When all of these are true:

  • Messenger is installed for logged-in users in your app.
  • Messenger Security with JWTs is enabled and you pass a JWT when you boot the Messenger.
  • Your Help Center / Tickets Portal use a custom domain on the same organisational domain as your app, with cookie forwarding set up.

…then the flow is:

  1. User logs into your app → you call Intercom('boot') with a valid JWT.
  2. Intercom sets its session cookies in the browser.
  3. When the user follows a link to your Help Center or Tickets Portal on the custom domain, those cookies are forwarded and Intercom automatically treats them as logged in there too.
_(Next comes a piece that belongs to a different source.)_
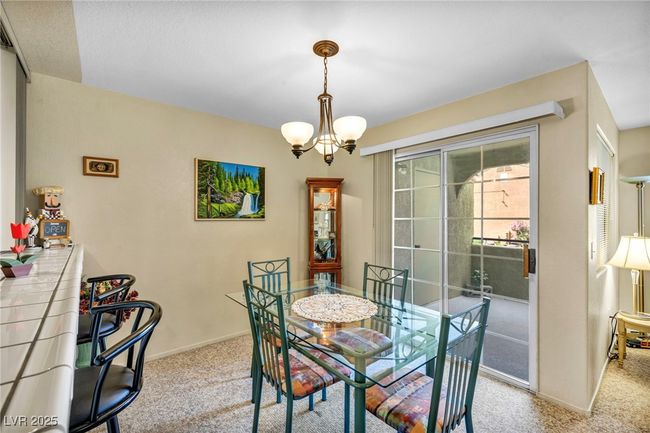Carpeted dining space with baseboards and a notable chandelier | Image 26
A minimal example of “passing the JWT to the Messenger” on your app side looks like:

<script>
// Called after your user logs into your app
fetch('/intercom/jwt') // your backend endpoint
.then(res => res.json())
.then(({ intercomJwt, userId, email }) => {
window.Intercom('boot', {
app_id: 'YOUR_APP_ID',
user_id: userId, // required in the JWT payload
email: email, // optional but recommended
intercom_user_jwt: intercomJwt
});
});
</script>
  • Your backend generates intercomJwt using the Messenger secret key and includes user_id (and any other attributes) in the JWT payload.
  • The frontend passes that token via intercom_user_jwt when booting the Messenger.

Once that’s in place and cookie forwarding is working, that same authenticated session is what the Help Center and ticket portal rely on, no extra login step needed there.